─── Information

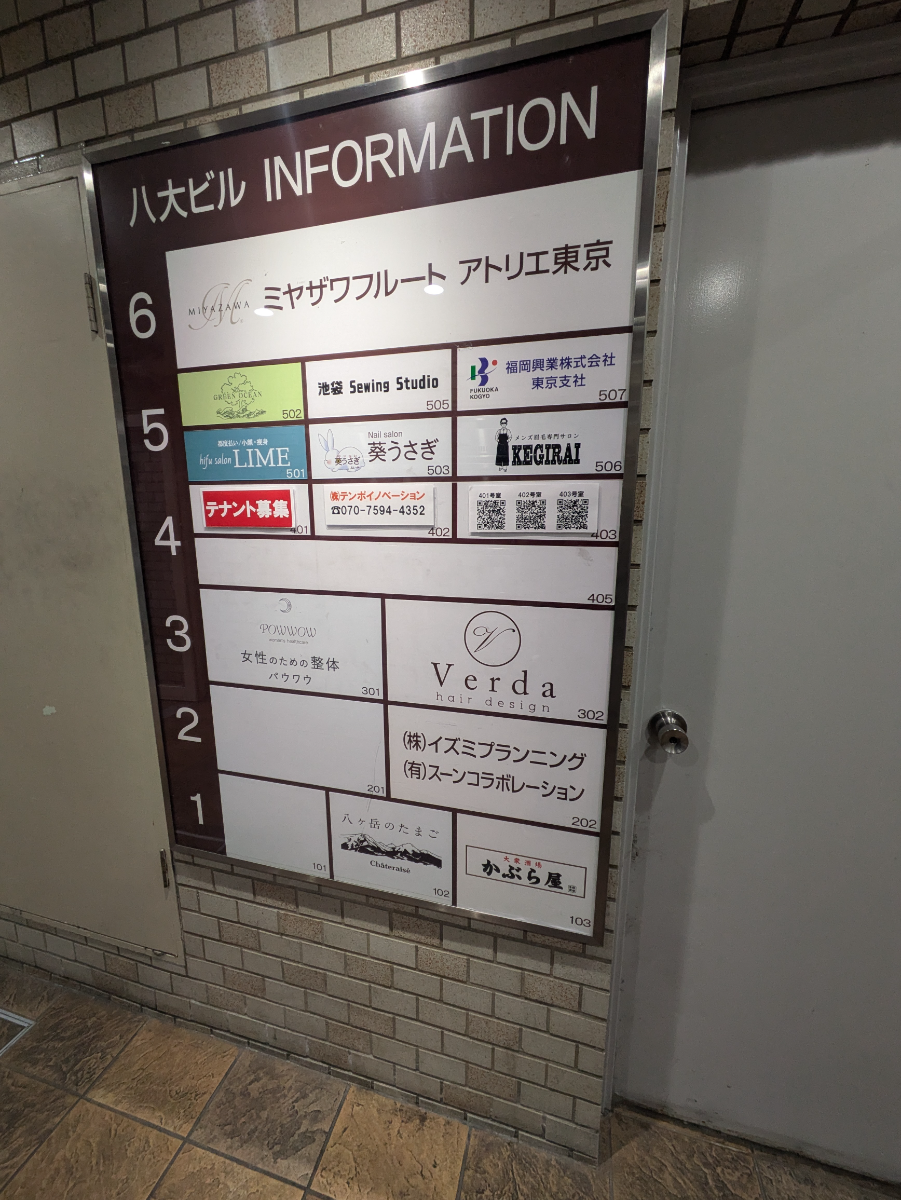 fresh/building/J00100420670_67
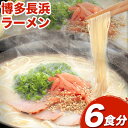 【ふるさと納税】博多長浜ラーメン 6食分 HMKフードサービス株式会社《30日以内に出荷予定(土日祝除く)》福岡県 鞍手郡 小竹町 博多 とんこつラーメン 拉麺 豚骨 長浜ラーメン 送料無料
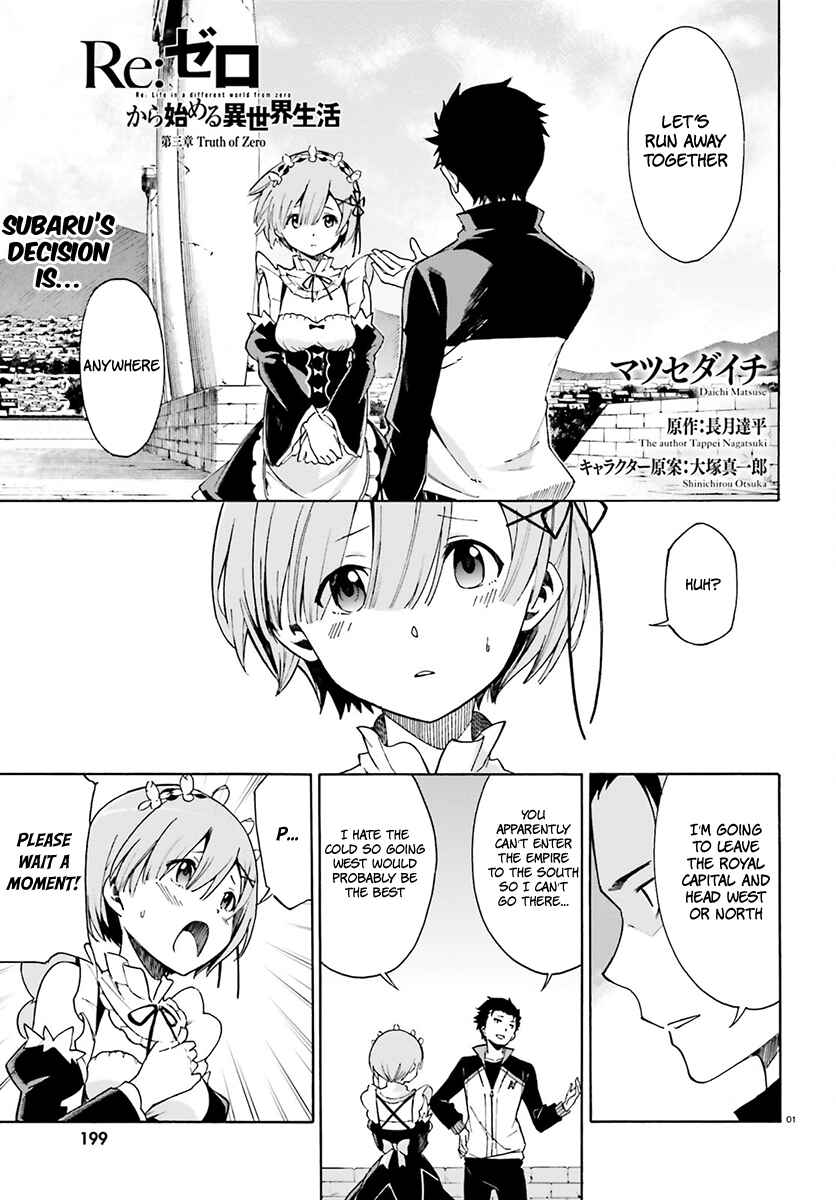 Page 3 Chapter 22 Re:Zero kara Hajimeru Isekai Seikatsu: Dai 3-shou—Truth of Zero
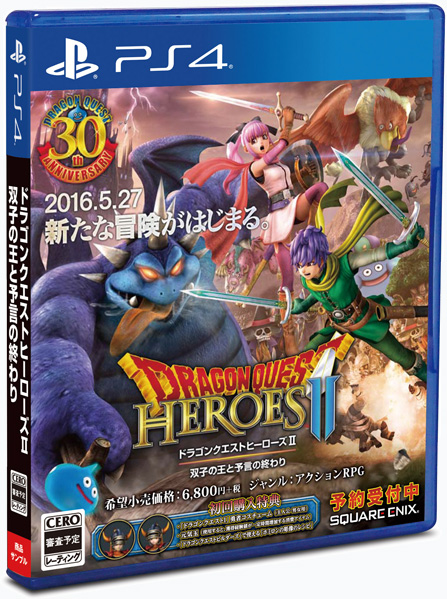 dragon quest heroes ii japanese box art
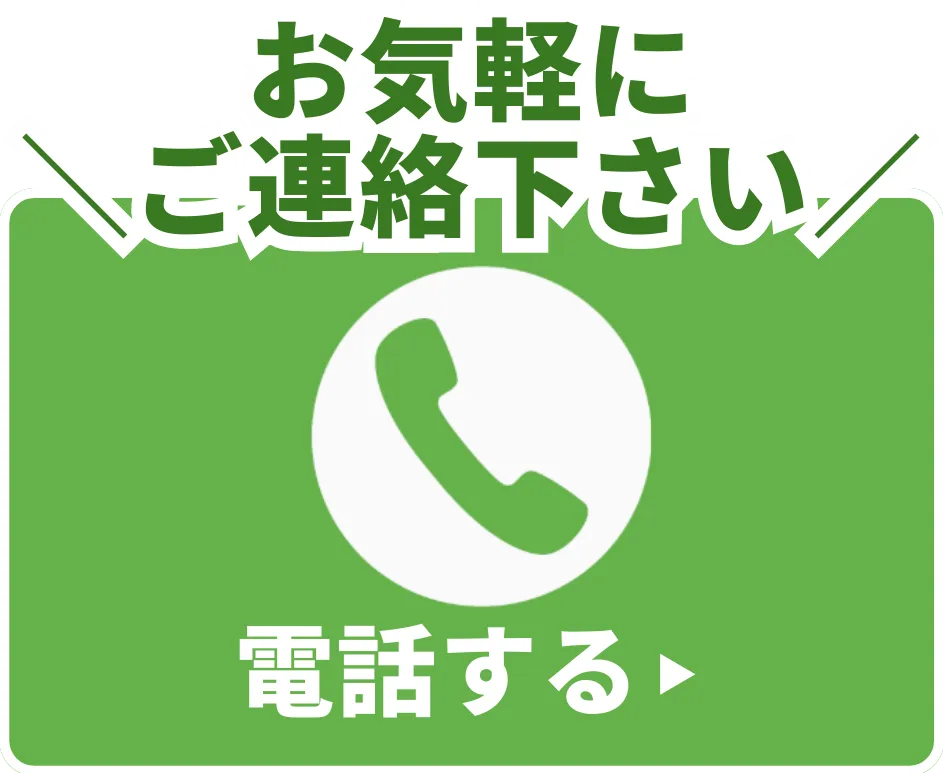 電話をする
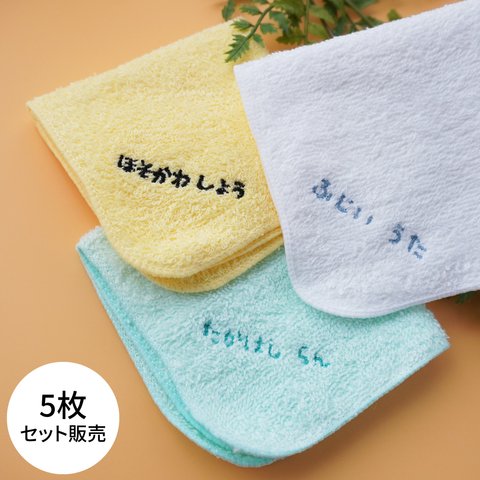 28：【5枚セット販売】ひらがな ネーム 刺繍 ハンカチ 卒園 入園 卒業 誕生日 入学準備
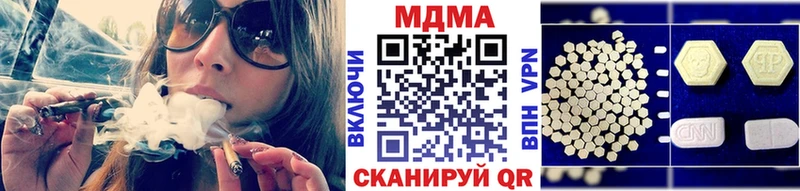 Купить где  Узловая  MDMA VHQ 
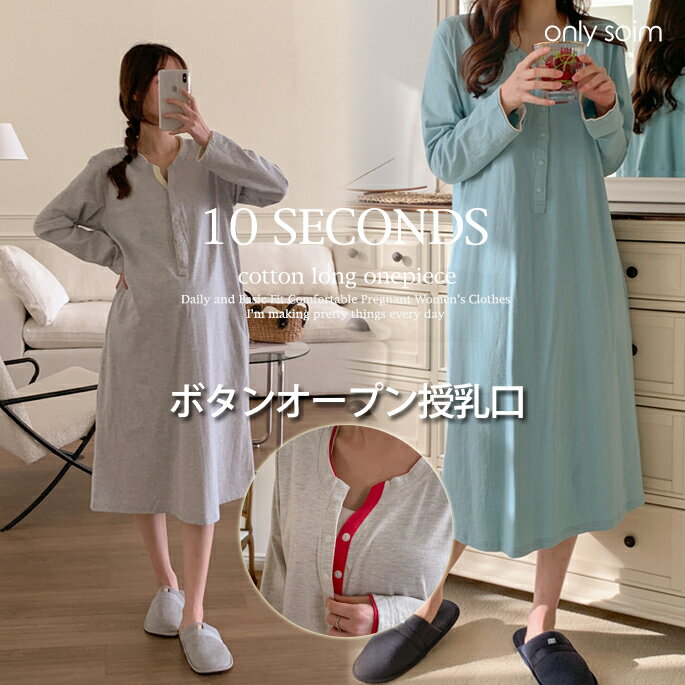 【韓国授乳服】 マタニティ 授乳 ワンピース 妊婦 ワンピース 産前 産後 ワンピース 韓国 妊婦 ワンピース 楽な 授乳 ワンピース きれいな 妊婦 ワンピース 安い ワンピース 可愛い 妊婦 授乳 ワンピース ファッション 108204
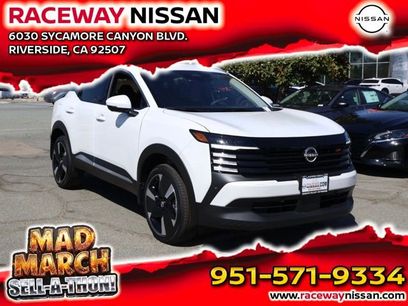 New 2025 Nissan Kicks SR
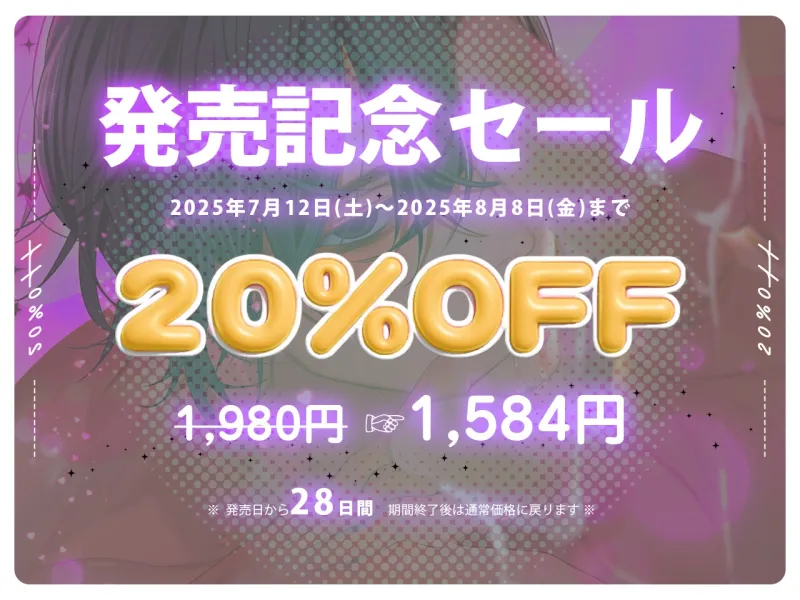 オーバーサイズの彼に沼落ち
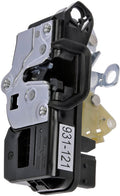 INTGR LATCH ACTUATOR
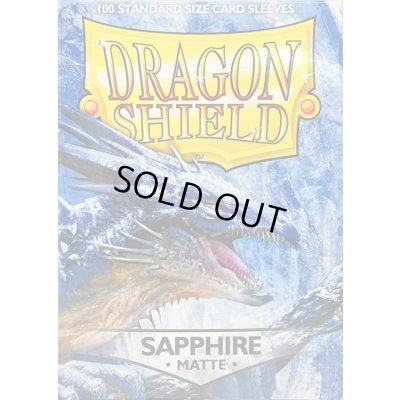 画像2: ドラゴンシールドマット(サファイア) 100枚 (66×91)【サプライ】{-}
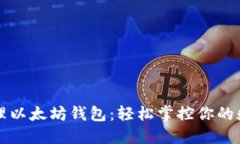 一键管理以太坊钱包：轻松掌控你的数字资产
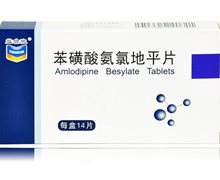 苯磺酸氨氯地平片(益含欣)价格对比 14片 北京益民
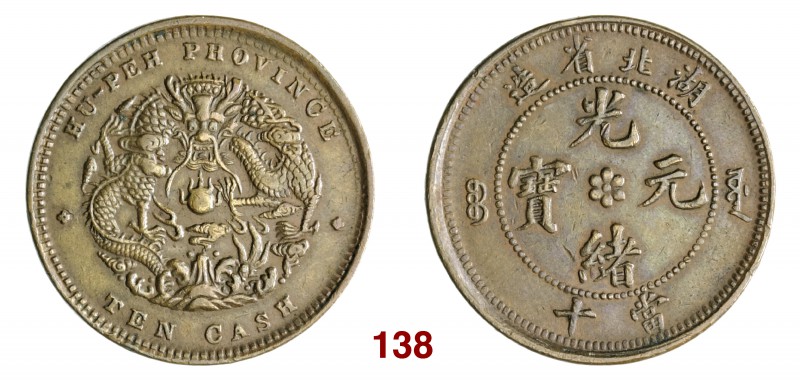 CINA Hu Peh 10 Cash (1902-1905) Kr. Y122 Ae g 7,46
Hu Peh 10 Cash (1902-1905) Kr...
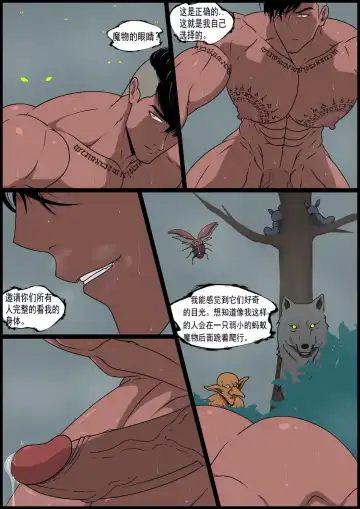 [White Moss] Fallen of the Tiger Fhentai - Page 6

──────

→ Problem
The answer should contain only the lines from the one with "INTGR LATCH ACTUATOR" through the last line of the material, given word for word and without pictures.

→ Your response
 INTGR LATCH ACTUATOR
 画像2: ドラゴンシールドマット(サファイア) 100枚 (66×91)【サプライ】{-}
 一键管理以太坊钱包：轻松掌控你的数字资产
 苯磺酸氨氯地平片(益含欣)价格对比 14片 北京益民
 CINA Hu Peh 10 Cash (1902-1905) Kr. Y122 Ae g 7,46
Hu Peh 10 Cash (1902-1905) Kr...
 [White Moss] Fallen of the Tiger Fhentai - Page 6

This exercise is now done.